Pajko Mahala survived for a few years after the earthquake, all the way to 19 The houses continued their lives, but somehow each for itself. As I was growing up and started going to school, it seemed to me that the children on the streets were much less interesting than those in the school yard. And the girls that I started staring at, and for whom I was having lustful fantasies. I was definitely entering my puberty, hair and pimples appeared on my chin and body, while my nose and a few other organs grew larger; I found it difficult to deal with this accelerated transformation of my own body, while a new kind of unrest and questions were curling up and down through that enlarged new body. Besides, I moved far away with my parents, at the edge of the city, among the orchards of Taftalidze.

Looking from a distance, however, the map of Pajko Mahala was still leaving the same image. The house of grandpa Pavle was the penultimate one among those with even numbers in Mara Josifovska street, i.e. it was the last one that was inhabited, since the neighbours from number eight, a Serbian officer’s family, moved away, although their house was not destroyed in the earthquake, to one of the new settlements, donated by the foreign friendly states. On the other hand, the house number 3, on the other side of the street, intensified its life, especially when, in the spring of 1966, our neighbour Emil brought a wife from The Netherlands.

Emil was one of the rare heroes of my childhood, who remained equally interesting both during the period before and the period after the earthquake.

Mara Josifovska 3 was a family house in which Emil lived with his sister and parents. His sister Bela was a decade or more than a decade younger than him, in fact, more than a year older than myself. In early childhood, one and a half year is a great difference, especially if the girl is older than the boy. So, Bela in before-the-earthquake Pajko Mahala had no desire to hang out with us, the immature boys running around crazily, kicking a rubber ball, swinging with wooden swards and shouting “kamaj”2F.

There were places where Bela and her friends could go. Their yard was the largest in our neighbourhood, and it was somehow different from the others, with carefully arranged lines of tomatoes and peppers. There was a nice, relaxing disorder of nature there, with two tall trees, most likely walnut tree and oak, and between them, just as in a colourful 4th grade book, fruits – sour cherries, apricots, plums. There, concealed under the shadows of the trees, the girls played “lastik”3F or exchanged napkins in their untouched space.
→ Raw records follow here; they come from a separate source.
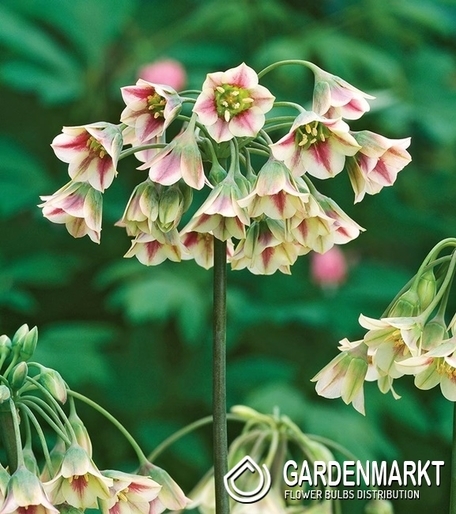 Zierlauch Allium Siculum Bulgarischer Schmucklauch 3 St.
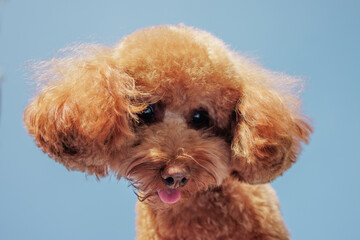 mile happy brown dog toy poodle peeking out on blue background, bottom view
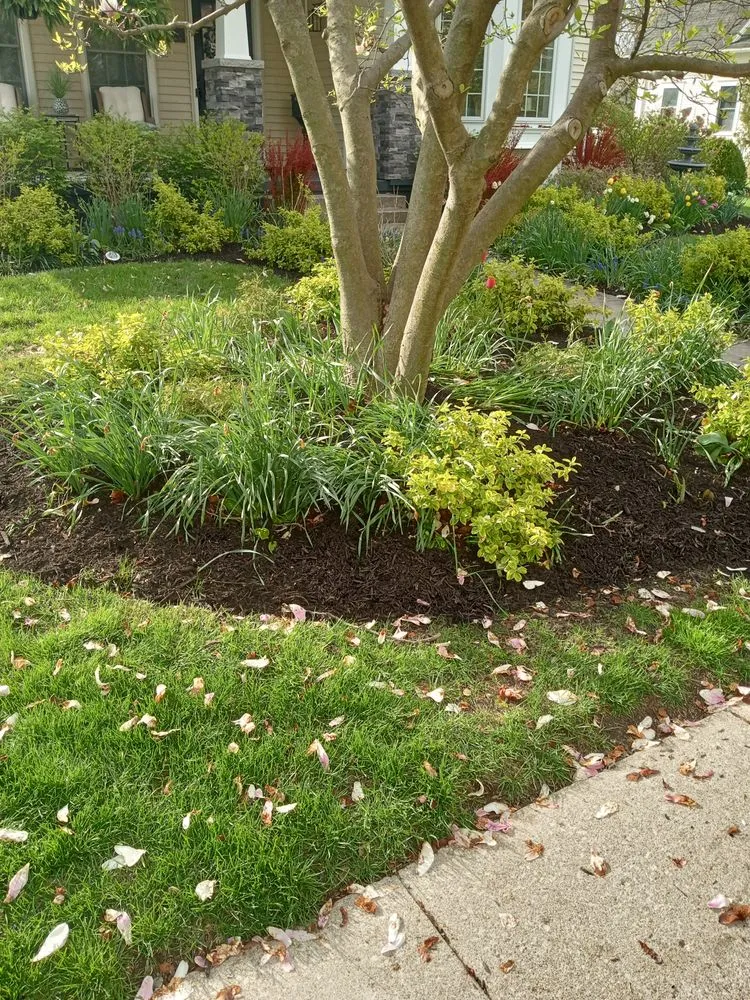 Reliable yard cleanup service in Monroe, MI - Pitt Sub Contracting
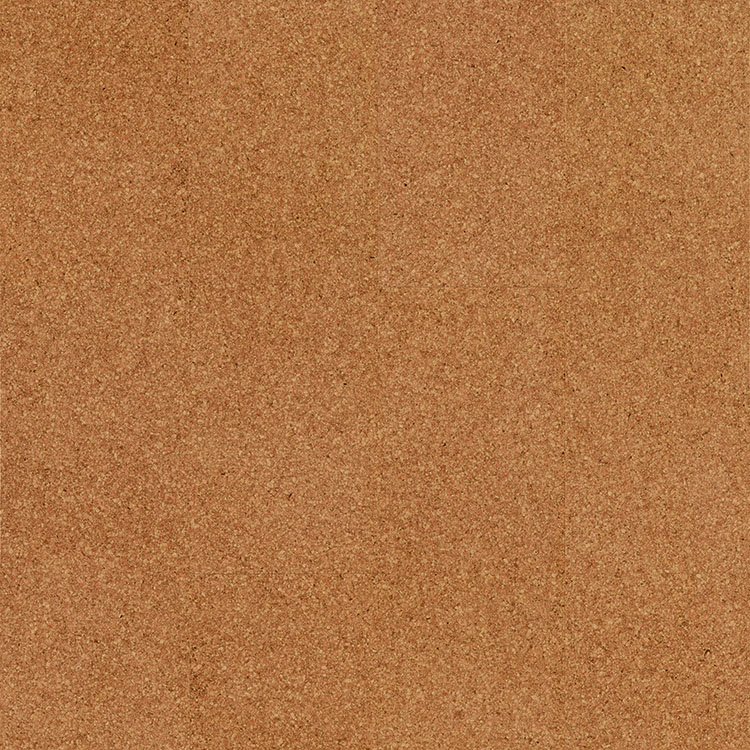 Moment 80001631 SKU Image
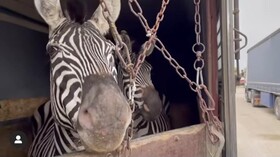 سازمان محیط زیست مجوز واردات حیات وحش را صادر نکند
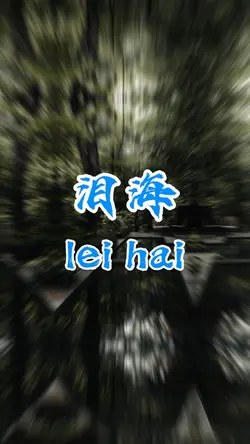 泪桥|leiqiao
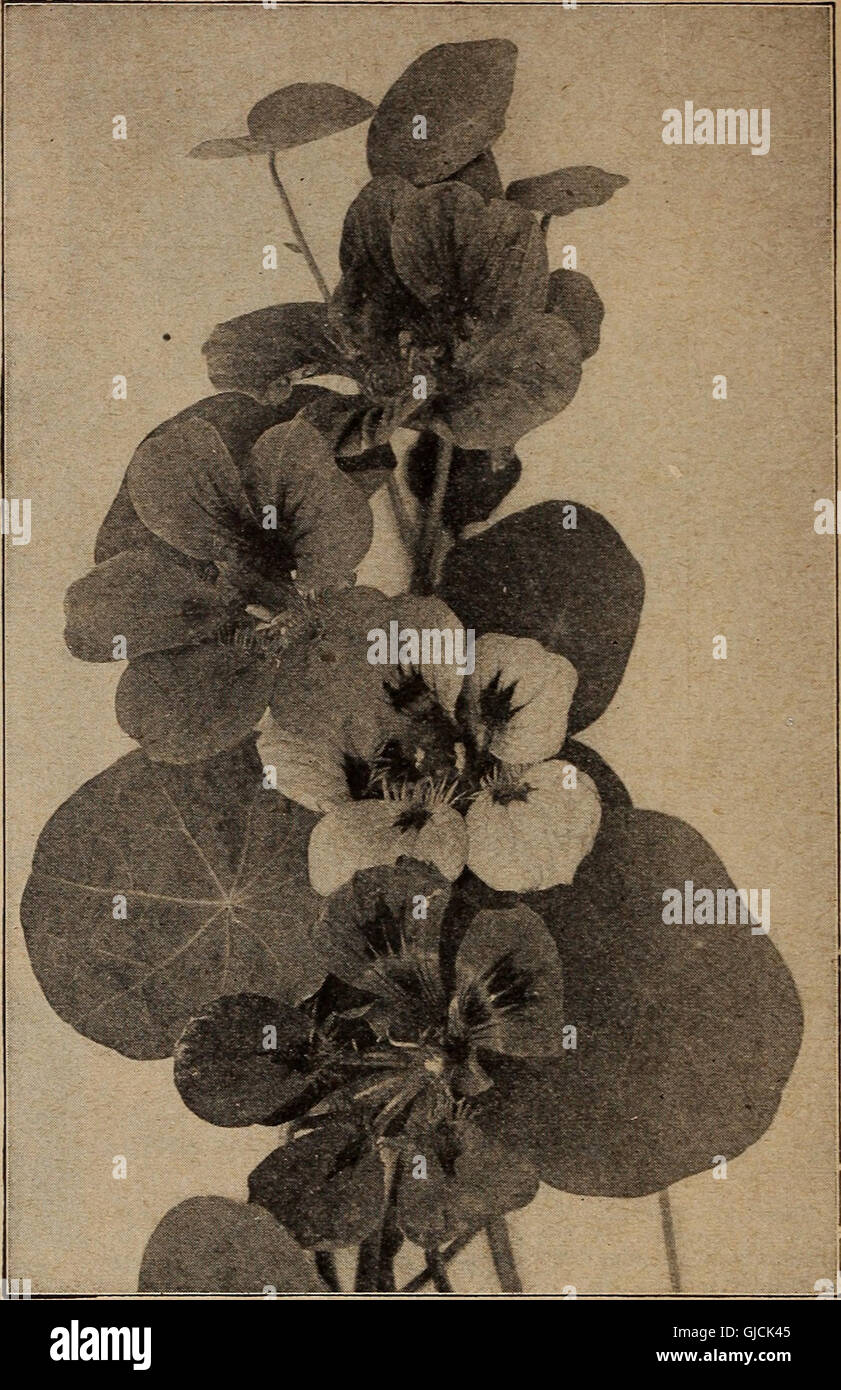 This 1921 catalog showcases Barnard's selection of seeds, bulbs, and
However, sometimes they had to go out in the alley, and expose themselves to our looks. For example, they could not play hopscotch inside, in the garden, but on the hard pavement, jumping on one leg to get the stone, in their dresses of varied colours, just a few steps from us, who were staring at them with dry throats. Bela was truly the most bellissima, in dark blue Perlon stockings, pretending not to pay the slightest attention to us.

What can I say about Emil? In the presence of Bela we were confused, and in his presence we were stone-still, almost enchanted. When he would open the yard gate, in his Brando-like jacket, much taller and stronger than the kids of our street, rough, but handsome, with a lighted cigarette on the tip of his lips, we really felt as though he had come from the screen of “Kultura” cinema. He would come back to the yard strolling like a victorious cat. After a minute or so, we could hear the roaring sound of his “cindap” (that’s how we called his black motorcycle of the brand “Zündapp”), after which, riding the large machine, Emil would rush through the alley, leaving behind him the open gate and the amazed audience.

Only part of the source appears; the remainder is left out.